Introduction - Data tracking with Azure SQL Databases

Completed

Common data tracking use cases and tools

We'll use the umbrella term "data tracking tools" to cover all change data tracking, loading, streaming, and synchronizing functionalities. Therefore, we'll refer to change data capture (CDC), SQL Data Sync, and change tracking as "data tracking tools" for Azure SQL Database (DB).

There's a wide range of use cases and business scenarios that require data tracking tools to track, load, synchronize, and stream data changes. For instance, imagine that you're the CTO of a healthcare business that sells medical equipment in different areas around the country/region. You have different inventory databases in each region and you want to ensure that all these databases are synchronizing data changes to a central nationwide inventory database, which offers you a status on each sale. This central database is essential because based on the inventory you have, you know how much more equipment to produce and deliver regionally. Thus, you need to select the right data-tracking tool that will help you synchronize your central inventory database with all regional databases.

With a multitude of data tracking tools available and various use cases and business needs, it's often difficult to decide what tools to use in what specific scenarios. The following table highlights some of the common scenarios and the associated tools that you could use in that context. However, this is not the most comprehensive list, and you could also use many other first- or third-party tools in these use cases.

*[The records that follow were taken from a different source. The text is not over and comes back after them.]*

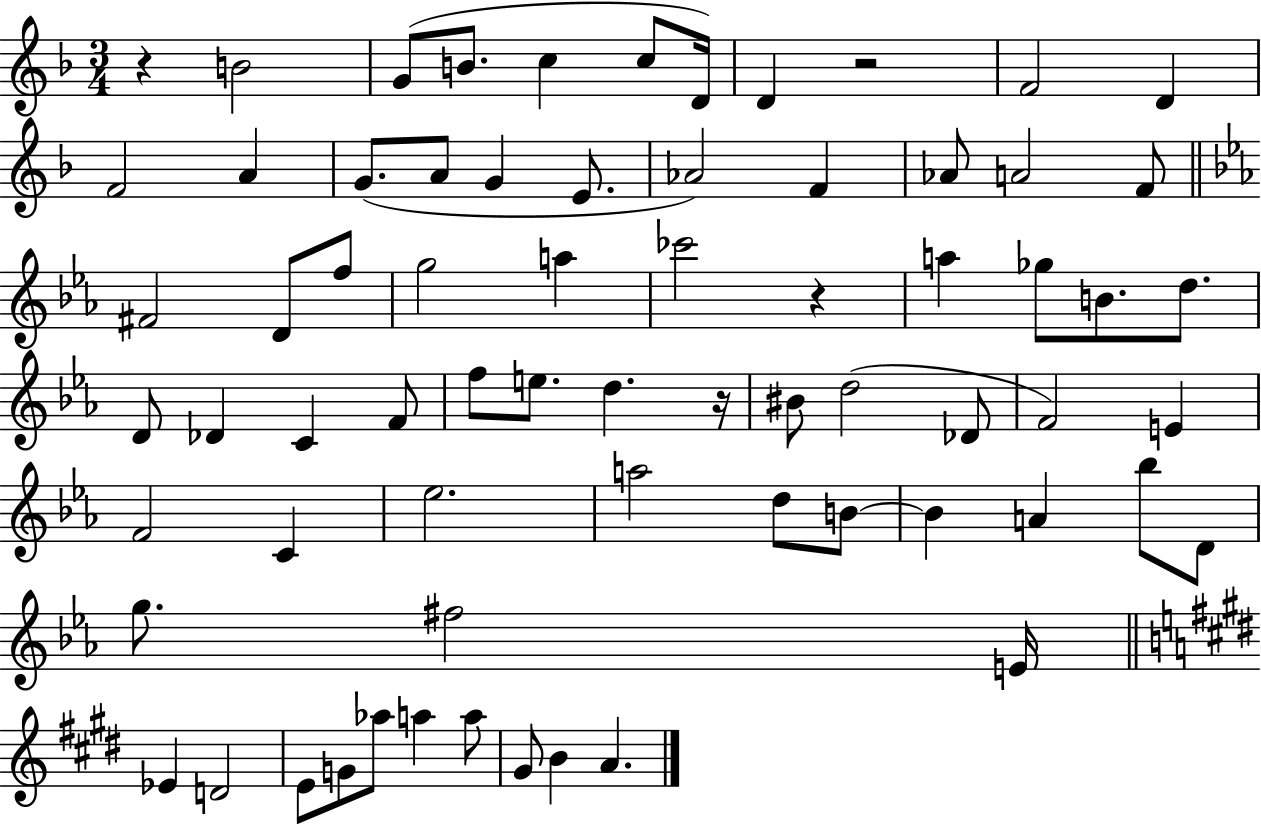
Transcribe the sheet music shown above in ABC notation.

X:1
T:Untitled
M:3/4
L:1/4
K:F
z B2 G/2 B/2 c c/2 D/4 D z2 F2 D F2 A G/2 A/2 G E/2 _A2 F _A/2 A2 F/2 ^F2 D/2 f/2 g2 a _c'2 z a _g/2 B/2 d/2 D/2 _D C F/2 f/2 e/2 d z/4 ^B/2 d2 _D/2 F2 E F2 C _e2 a2 d/2 B/2 B A _b/2 D/2 g/2 ^f2 E/4 _E D2 E/2 G/2 _a/2 a a/2 ^G/2 B A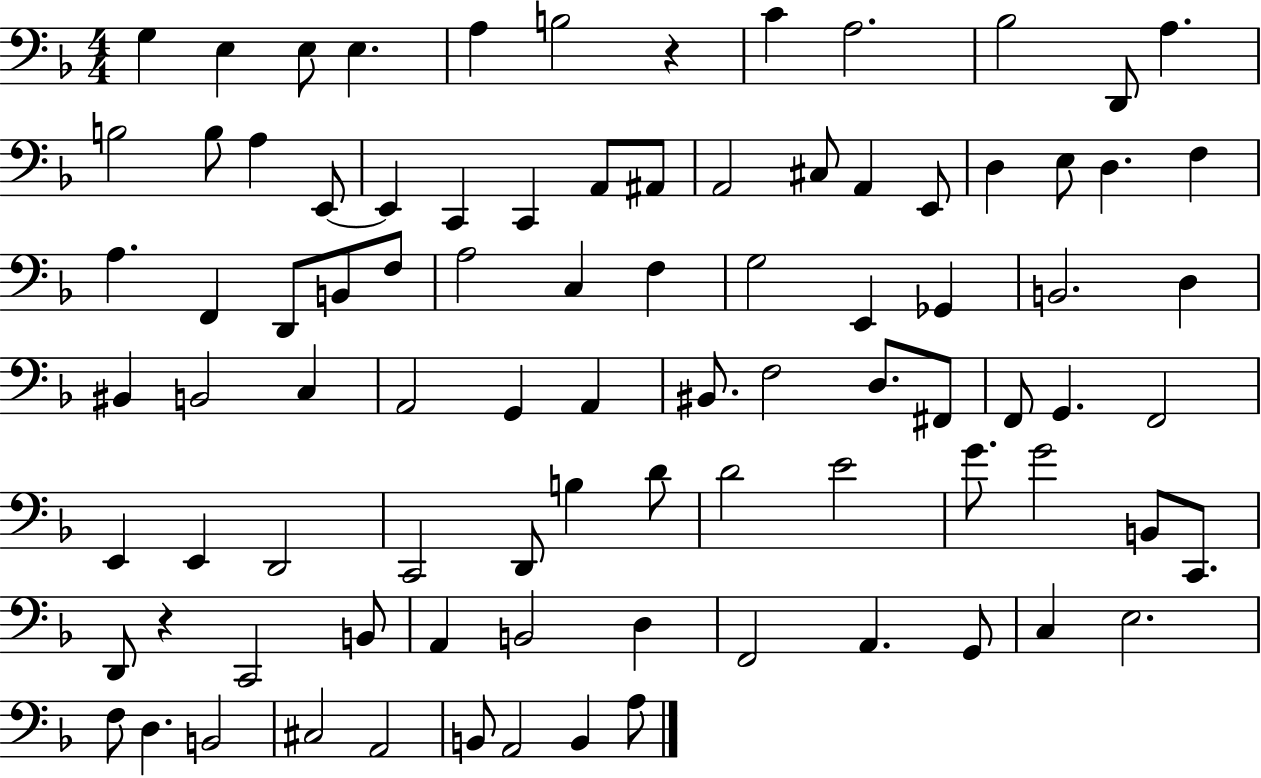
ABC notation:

X:1
T:Untitled
M:4/4
L:1/4
K:F
G, E, E,/2 E, A, B,2 z C A,2 _B,2 D,,/2 A, B,2 B,/2 A, E,,/2 E,, C,, C,, A,,/2 ^A,,/2 A,,2 ^C,/2 A,, E,,/2 D, E,/2 D, F, A, F,, D,,/2 B,,/2 F,/2 A,2 C, F, G,2 E,, _G,, B,,2 D, ^B,, B,,2 C, A,,2 G,, A,, ^B,,/2 F,2 D,/2 ^F,,/2 F,,/2 G,, F,,2 E,, E,, D,,2 C,,2 D,,/2 B, D/2 D2 E2 G/2 G2 B,,/2 C,,/2 D,,/2 z C,,2 B,,/2 A,, B,,2 D, F,,2 A,, G,,/2 C, E,2 F,/2 D, B,,2 ^C,2 A,,2 B,,/2 A,,2 B,, A,/2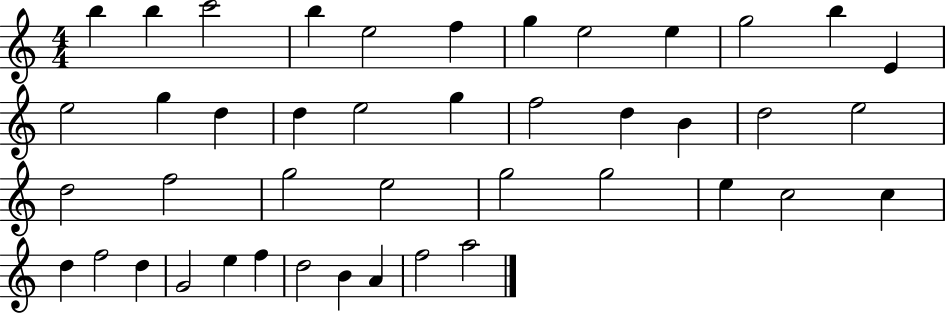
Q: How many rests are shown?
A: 0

Popular use cases and potential data tracking tools:

Use case Potential tools
Maintain a history of all data changes on your database for auditing purposes Change data capture (CDC)
Synchronize distributed workloads and globally distributed data SQL Data Sync, Change data capture (CDC)
Ensure source and target systems are in sync after migrations SQL Data Sync, Change data capture (CDC)
Record whether changes were made to your database tables (without needing a historical record of all changes) Change tracking

Common considerations when selecting a data-replication tool

Beyond considering use cases, you should also explore other aspects when selecting a specific data tracking tool. Here's a list of common considerations:

Performance impact

It's important to understand the impact of the selected data tracking tool on the size of your database. For instance, enabling change data capture (CDC) at your database's level and tables will lead to the creation of several additional system tables on your source database (for example, the table in which changes are being tracked). Similarly, SQL Data Sync will create artifacts on your database. This is why it's important to assess your database tier-size limitations before enabling data tracking tools and consider upgrading your tier, if necessary.

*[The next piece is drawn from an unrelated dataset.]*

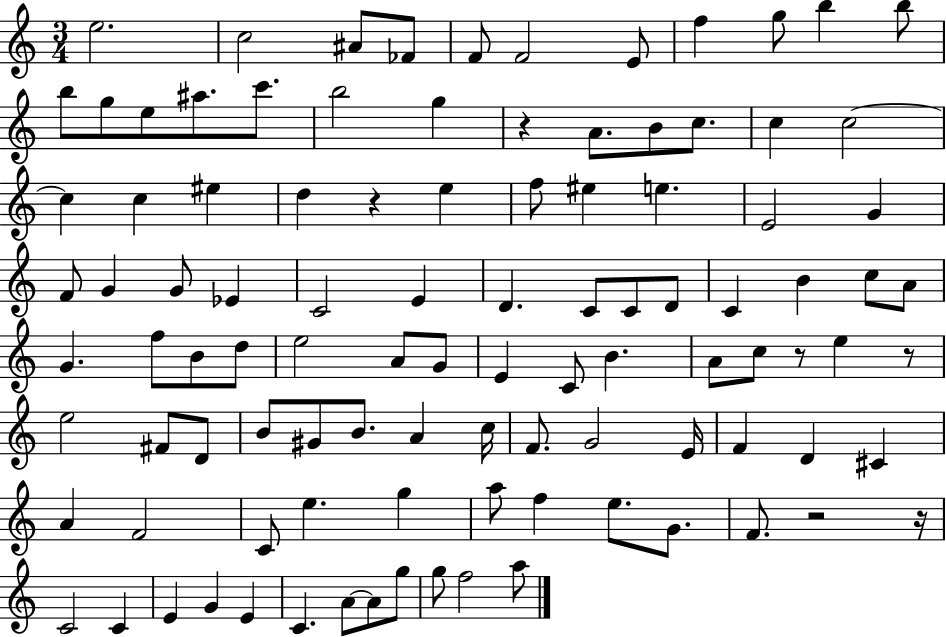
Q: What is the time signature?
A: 3/4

Additionally, it's important to understand the impact of enabling data tracking tools on the log throughput. For instance, CDC's scan/cleanup are part of user workload (user’s resources are used). The performance impact can be substantial because entire rows are added to the change capture tables, and a pre-image is also included for update operations. This translates to a log generation that could more than double when using CDC (relative to when CDC isn't enabled).

Tracking, loading, or streaming?

It's important to clarify that some of the tools explored in this module do not stream the data changes. For instance, CDC tracks your enabled source tables for changes and records these changes in change tables on the same source database. However, if you want to replicate those changes to other targets, you must integrate with other streaming tools, such as Azure Data Factory. Unlike CDC, SQL Data Sync automatically syncs your source and target databases, either uni-directionally (for example, SQL Server -> Azure SQL DB) or bidirectionally (for example, SQL Server -> Azure SQL DB -> SQL Server). However, change tracking only tracks whether and which rows have been changed and the change type (insert, update, or delete).

Latency

It's important to consider the latency that these tools offer (that is, how long it takes for changes to be synchronized from source to destination). For instance, if you're working on apps that support financial transactions, you might be highly sensitive to increased latencies; however, if you're streaming your data changes for analytics or auditing purposes, you might not be that concerned about latency.

Documented limitations

The public documentation for the features covered includes limitations of which you should be aware. Make sure to study those limitations before enabling data tracking tools on your databases and tables.

Overall, we recommend that you test your workload thoroughly before enabling data tracking tools on your production databases.